The Fields lost most of their mining equipment but arrived in Dawson on June 20, 1898, which was early in the rush. Arthur staked claims #19 and 20 on Bear Creek, just below the discovery claim on Hunker Creek. With several partners he also applied and won another liquor license back in Hot Springs, in case things didn't work out.8

With food shortages pending and a long winter ahead, Arthur sent Mae home to her mother. She recalled scaling Chilkoot Pass at midnight with a group of twenty-six travelers all headed Outside. "It was a frozen mountainside of ice, with stair-like steps chipped out. One slip would have meant almost certain death," she said. "But even after we'd crossed the pass at night in order to get to Skagway in time to catch the boat, it turned out to be the old, unseaworthy Georgia, the most feared steamer on the Skagway-Juneau run. I, alone, of the twenty-six who crossed the pass, took a chance on it. I had a safe voyage, too,- but the others had to wait ten days for the next boat out of Skagway."9

Mae's mother was upset when her daughter arrived in Minnesota. "She said my place was with my husband, no matter where he was, so she sent me right back to him," Mae told her biographer. And it appears she managed to return to the Klondike before navigation closed.

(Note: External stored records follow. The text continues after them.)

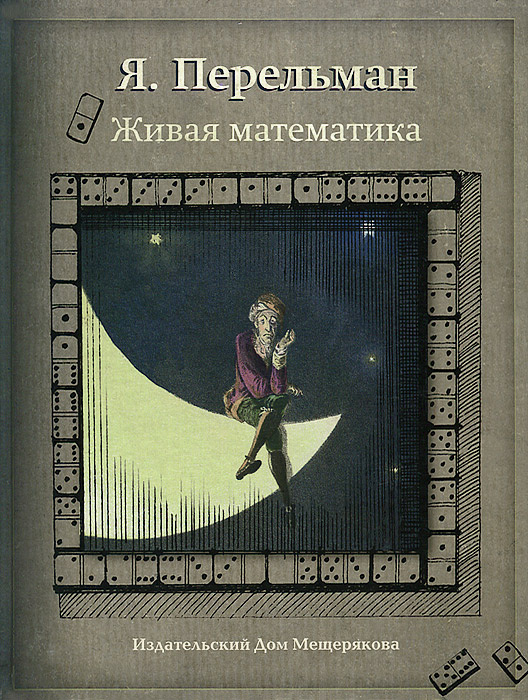 Живая математика #1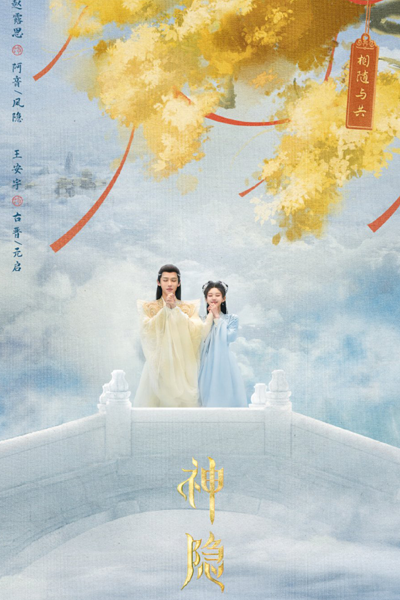 Watch the latest show The Last Immortal with English subtitles for free in Asiaflix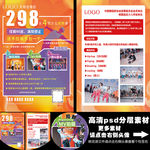 街舞单页A4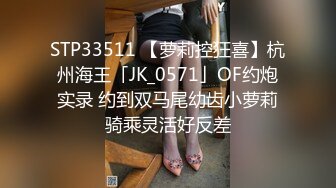 OnlyFans受虐狂【uptownbunny】打屁股电击~扩张滴蜡~深喉足交群p~女女~露出【247V】  (39)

She claimed that she was matron of honor at the Dawson wedding that December of well-known packer Mike Bartlett to her friend Mollie Walsh, another Minnesota girl, who had done well running a "grub tent" on the White Pass Trail. A newspaper account of the wedding names Mrs. J. P. Douglass as matron, but Mae still might have attended because she accurately described the event to her biographer. Mike Bartlett soon would murder his new bride, a beautiful woman with a roving eye, but the Fields' union went well during this period.10

"We joined the Sourdough Club that winter, and made many good friends. There was Antone Stander, Roy Lund, the well-known hockey player, Rose and Jack Blicks, the Spencers. We had gay parties at first one home and then another."

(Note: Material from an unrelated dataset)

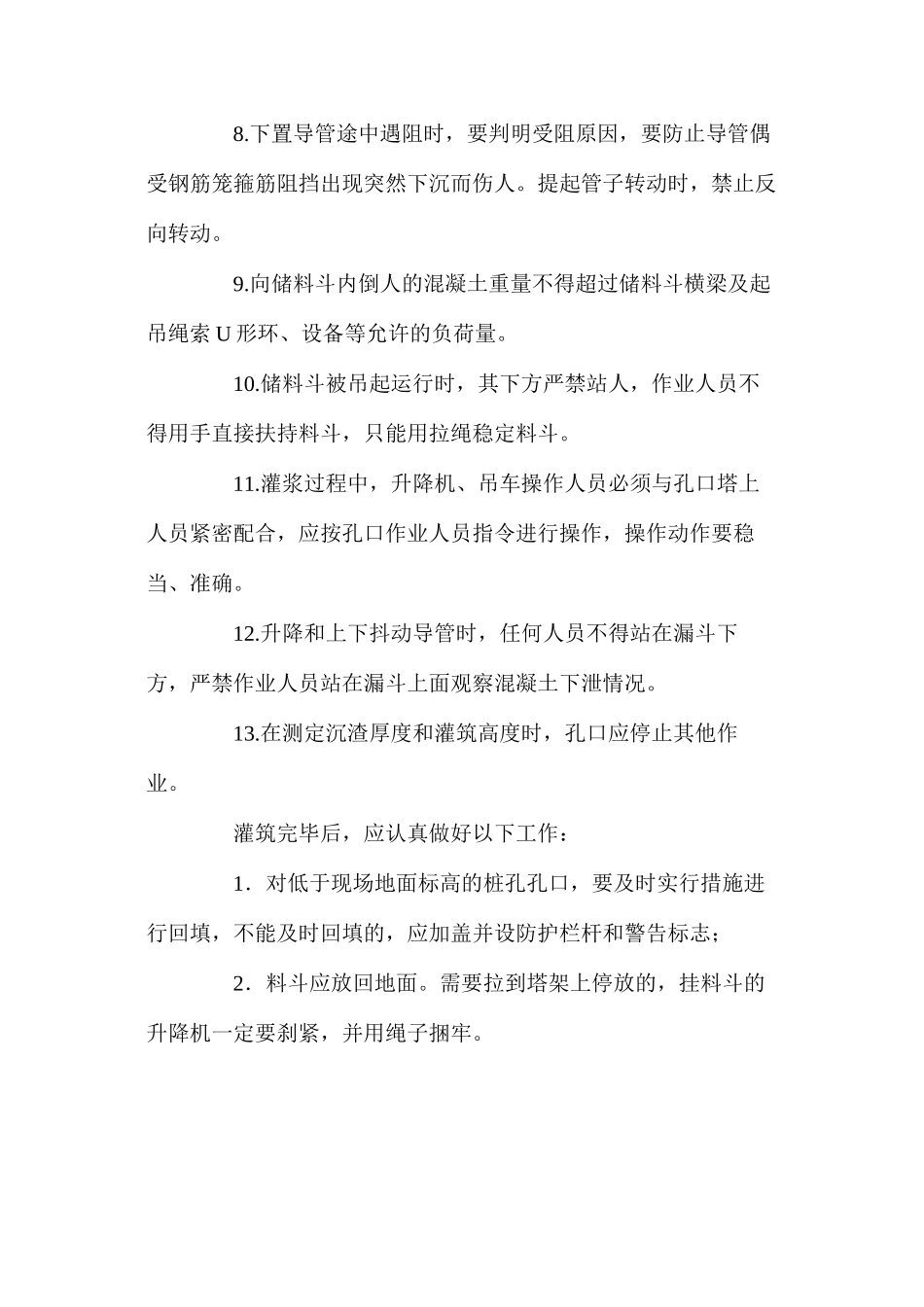 混凝土灌筑安全的注意事项_第2页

The Fields lived eight miles out of Dawson. "Arthur bought me a pony and cart to drive to town," Mae later reminisced. As for money, Arthur and his crew of about fifty had cleaned up about $100,000 from Bear Creek Claim #19 that spring of 1899, which simplified shopping. "I just took a hammer and knocked the gold loose in the cut, caught it in a pan, and took it into town," Mae recalled.11

In mid-summer, she again traveled to the States, returning that fall for another harrowing trip through Chilkoot Pass. Hiking it was still required but a freight tramway had been installed. On Mae's trip, the cable broke when the tram was halfway up the mountain and it crashed down, carrying a pink parrot riding atop the luggage.

"For once the trained bird was speechless," Mae said. "Then after the bucket had landed with a thud, right beside me, the parrot screamed, 'What the hell! Cut it out!'"12

Mae missed the boat from Bennett to Dawson by a few hours, and it was nearly a month before she could book another, according to her account. During the wait an epidemic broke out, and because the town was short of nurses, she went to work at the hospital. Finally, just before freeze-up, she headed home on the Willie Irving, billed as the "fastest steamer on the Yukon."